Beginning with the line that contains "Радіатор охолодження АКПП Q-fix Q172-0055", transcribe every line through the end of the entries exactly as written, and reproduce nothing else.

▶ [EXCERPTED RECORDS]:
---------------
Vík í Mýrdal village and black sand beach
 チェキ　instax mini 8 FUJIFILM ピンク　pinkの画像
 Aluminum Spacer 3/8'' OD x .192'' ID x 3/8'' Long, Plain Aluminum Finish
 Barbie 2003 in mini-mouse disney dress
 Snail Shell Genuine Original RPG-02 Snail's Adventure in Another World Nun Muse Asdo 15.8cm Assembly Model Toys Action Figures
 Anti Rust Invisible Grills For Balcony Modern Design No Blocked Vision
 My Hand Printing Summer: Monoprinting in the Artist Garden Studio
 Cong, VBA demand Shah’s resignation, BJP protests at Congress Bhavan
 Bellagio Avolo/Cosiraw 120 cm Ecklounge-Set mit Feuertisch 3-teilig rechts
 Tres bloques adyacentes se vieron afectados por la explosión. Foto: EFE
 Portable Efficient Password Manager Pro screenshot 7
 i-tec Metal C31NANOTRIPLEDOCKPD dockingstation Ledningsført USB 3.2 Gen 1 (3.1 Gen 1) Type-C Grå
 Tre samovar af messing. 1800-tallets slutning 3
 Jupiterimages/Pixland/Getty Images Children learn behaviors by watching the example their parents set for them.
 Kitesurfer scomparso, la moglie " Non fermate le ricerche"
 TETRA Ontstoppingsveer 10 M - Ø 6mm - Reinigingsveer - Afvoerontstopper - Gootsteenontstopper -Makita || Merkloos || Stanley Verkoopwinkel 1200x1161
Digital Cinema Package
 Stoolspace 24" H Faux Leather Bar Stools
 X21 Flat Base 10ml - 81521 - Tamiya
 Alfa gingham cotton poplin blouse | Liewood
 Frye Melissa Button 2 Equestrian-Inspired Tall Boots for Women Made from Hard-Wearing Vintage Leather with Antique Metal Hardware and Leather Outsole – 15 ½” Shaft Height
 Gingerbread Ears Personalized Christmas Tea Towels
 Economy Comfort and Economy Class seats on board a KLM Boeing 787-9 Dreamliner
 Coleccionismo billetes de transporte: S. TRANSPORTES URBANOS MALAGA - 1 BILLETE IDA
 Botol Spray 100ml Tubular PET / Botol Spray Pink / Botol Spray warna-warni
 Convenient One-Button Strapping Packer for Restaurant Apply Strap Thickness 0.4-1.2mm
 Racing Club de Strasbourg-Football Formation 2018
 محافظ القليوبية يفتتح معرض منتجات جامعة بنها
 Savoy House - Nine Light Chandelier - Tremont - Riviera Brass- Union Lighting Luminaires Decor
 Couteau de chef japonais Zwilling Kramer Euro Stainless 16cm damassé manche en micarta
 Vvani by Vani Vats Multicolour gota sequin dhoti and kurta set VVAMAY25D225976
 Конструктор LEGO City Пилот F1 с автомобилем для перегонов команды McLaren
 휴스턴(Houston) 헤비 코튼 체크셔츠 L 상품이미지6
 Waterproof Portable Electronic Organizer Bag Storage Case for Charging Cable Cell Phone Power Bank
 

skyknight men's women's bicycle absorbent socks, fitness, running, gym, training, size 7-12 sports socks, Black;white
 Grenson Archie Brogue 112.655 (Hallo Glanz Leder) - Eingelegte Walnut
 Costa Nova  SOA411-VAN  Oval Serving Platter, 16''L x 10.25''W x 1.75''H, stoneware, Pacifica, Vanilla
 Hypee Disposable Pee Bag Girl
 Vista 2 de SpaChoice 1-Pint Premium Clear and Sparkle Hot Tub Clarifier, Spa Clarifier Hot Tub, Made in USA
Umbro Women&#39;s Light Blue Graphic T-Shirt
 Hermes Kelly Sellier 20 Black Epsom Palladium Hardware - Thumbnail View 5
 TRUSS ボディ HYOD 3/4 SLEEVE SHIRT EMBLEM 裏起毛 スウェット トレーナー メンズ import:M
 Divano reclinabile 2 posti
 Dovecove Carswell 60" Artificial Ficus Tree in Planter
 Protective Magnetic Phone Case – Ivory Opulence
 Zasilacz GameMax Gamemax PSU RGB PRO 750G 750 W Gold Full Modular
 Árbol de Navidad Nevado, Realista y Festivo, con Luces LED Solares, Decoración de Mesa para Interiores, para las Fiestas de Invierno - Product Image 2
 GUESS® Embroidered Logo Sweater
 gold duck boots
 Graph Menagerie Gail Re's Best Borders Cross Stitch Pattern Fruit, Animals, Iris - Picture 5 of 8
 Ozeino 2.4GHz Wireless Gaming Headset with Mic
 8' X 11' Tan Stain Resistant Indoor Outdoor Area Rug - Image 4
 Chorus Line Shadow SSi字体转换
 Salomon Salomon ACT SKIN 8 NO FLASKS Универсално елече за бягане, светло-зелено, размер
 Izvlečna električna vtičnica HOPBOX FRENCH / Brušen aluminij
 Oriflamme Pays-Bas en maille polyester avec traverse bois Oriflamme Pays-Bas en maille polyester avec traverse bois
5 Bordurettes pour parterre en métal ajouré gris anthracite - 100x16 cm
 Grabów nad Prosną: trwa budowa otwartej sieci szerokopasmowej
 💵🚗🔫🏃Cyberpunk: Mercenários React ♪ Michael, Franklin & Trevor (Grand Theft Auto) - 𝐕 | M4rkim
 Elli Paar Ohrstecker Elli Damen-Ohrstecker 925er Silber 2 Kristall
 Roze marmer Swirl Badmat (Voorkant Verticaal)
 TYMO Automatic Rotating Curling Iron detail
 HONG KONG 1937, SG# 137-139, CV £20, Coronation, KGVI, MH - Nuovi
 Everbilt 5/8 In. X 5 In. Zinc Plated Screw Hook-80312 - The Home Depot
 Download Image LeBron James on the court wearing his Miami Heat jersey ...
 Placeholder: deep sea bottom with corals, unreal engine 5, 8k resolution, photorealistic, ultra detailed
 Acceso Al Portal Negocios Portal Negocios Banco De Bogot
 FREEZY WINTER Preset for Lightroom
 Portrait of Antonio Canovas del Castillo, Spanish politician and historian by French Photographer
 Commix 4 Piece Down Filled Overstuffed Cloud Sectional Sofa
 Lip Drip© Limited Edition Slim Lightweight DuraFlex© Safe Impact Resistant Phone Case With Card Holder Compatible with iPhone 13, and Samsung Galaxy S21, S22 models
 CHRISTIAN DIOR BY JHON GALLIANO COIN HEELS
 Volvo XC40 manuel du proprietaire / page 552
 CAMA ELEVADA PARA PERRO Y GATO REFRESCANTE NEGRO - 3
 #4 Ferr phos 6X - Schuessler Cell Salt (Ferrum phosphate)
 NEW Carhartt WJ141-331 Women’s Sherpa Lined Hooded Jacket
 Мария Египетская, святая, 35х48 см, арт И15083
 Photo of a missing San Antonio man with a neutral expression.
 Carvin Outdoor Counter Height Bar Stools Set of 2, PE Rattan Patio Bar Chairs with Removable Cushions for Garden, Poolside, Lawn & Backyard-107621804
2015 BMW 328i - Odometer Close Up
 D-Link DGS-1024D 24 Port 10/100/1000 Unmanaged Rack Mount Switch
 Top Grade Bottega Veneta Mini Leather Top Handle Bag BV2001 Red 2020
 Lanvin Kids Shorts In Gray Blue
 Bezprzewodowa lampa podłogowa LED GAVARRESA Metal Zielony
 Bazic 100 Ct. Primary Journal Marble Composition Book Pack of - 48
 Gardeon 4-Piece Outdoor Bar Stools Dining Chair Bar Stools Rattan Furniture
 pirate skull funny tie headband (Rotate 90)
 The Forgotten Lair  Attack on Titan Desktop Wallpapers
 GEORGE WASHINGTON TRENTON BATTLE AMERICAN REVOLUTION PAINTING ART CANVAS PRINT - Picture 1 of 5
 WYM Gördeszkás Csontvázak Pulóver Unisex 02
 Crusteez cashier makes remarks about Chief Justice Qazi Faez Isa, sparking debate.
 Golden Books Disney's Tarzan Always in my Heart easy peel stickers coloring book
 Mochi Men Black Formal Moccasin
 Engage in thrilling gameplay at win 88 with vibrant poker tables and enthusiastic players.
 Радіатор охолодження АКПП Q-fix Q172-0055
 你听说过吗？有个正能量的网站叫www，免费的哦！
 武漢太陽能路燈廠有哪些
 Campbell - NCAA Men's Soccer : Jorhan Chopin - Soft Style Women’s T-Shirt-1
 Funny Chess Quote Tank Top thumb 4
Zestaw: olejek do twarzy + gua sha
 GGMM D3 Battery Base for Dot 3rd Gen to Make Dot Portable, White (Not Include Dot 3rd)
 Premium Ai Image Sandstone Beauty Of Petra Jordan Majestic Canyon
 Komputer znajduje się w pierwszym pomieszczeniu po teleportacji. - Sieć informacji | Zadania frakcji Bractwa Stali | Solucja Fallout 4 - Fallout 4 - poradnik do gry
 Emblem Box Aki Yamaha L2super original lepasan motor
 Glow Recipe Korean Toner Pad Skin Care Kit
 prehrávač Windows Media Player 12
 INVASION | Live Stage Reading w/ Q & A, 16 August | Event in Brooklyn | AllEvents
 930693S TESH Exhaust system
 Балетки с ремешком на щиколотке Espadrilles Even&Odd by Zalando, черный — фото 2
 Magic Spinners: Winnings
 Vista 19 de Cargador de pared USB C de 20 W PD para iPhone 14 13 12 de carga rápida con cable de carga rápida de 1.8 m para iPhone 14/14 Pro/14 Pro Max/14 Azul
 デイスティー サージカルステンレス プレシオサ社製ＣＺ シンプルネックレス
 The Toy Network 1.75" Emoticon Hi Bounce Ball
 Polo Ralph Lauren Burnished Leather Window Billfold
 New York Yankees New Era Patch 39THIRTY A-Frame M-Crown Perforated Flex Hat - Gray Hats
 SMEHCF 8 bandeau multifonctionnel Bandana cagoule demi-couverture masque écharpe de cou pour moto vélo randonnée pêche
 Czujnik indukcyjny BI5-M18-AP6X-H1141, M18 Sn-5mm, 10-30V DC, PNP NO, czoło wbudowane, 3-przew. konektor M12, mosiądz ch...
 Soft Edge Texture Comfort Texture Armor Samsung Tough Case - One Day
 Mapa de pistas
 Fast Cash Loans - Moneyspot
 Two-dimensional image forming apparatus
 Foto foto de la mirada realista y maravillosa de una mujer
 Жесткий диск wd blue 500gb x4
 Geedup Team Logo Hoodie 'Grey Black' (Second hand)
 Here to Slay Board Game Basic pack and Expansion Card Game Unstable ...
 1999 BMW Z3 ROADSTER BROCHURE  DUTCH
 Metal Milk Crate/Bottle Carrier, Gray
---------------
▶ [TASK OUTPUT]:
 Радіатор охолодження АКПП Q-fix Q172-0055
 你听说过吗？有个正能量的网站叫www，免费的哦！
 武漢太陽能路燈廠有哪些
 Campbell - NCAA Men's Soccer : Jorhan Chopin - Soft Style Women’s T-Shirt-1
 Funny Chess Quote Tank Top thumb 4
Zestaw: olejek do twarzy + gua sha
 GGMM D3 Battery Base for Dot 3rd Gen to Make Dot Portable, White (Not Include Dot 3rd)
 Premium Ai Image Sandstone Beauty Of Petra Jordan Majestic Canyon
 Komputer znajduje się w pierwszym pomieszczeniu po teleportacji. - Sieć informacji | Zadania frakcji Bractwa Stali | Solucja Fallout 4 - Fallout 4 - poradnik do gry
 Emblem Box Aki Yamaha L2super original lepasan motor
 Glow Recipe Korean Toner Pad Skin Care Kit
 prehrávač Windows Media Player 12
 INVASION | Live Stage Reading w/ Q & A, 16 August | Event in Brooklyn | AllEvents
 930693S TESH Exhaust system
 Балетки с ремешком на щиколотке Espadrilles Even&Odd by Zalando, черный — фото 2
 Magic Spinners: Winnings
 Vista 19 de Cargador de pared USB C de 20 W PD para iPhone 14 13 12 de carga rápida con cable de carga rápida de 1.8 m para iPhone 14/14 Pro/14 Pro Max/14 Azul
 デイスティー サージカルステンレス プレシオサ社製ＣＺ シンプルネックレス
 The Toy Network 1.75" Emoticon Hi Bounce Ball
 Polo Ralph Lauren Burnished Leather Window Billfold
 New York Yankees New Era Patch 39THIRTY A-Frame M-Crown Perforated Flex Hat - Gray Hats
 SMEHCF 8 bandeau multifonctionnel Bandana cagoule demi-couverture masque écharpe de cou pour moto vélo randonnée pêche
 Czujnik indukcyjny BI5-M18-AP6X-H1141, M18 Sn-5mm, 10-30V DC, PNP NO, czoło wbudowane, 3-przew. konektor M12, mosiądz ch...
 Soft Edge Texture Comfort Texture Armor Samsung Tough Case - One Day
 Mapa de pistas
 Fast Cash Loans - Moneyspot
 Two-dimensional image forming apparatus
 Foto foto de la mirada realista y maravillosa de una mujer
 Жесткий диск wd blue 500gb x4
 Geedup Team Logo Hoodie 'Grey Black' (Second hand)
 Here to Slay Board Game Basic pack and Expansion Card Game Unstable ...
 1999 BMW Z3 ROADSTER BROCHURE  DUTCH
 Metal Milk Crate/Bottle Carrier, Gray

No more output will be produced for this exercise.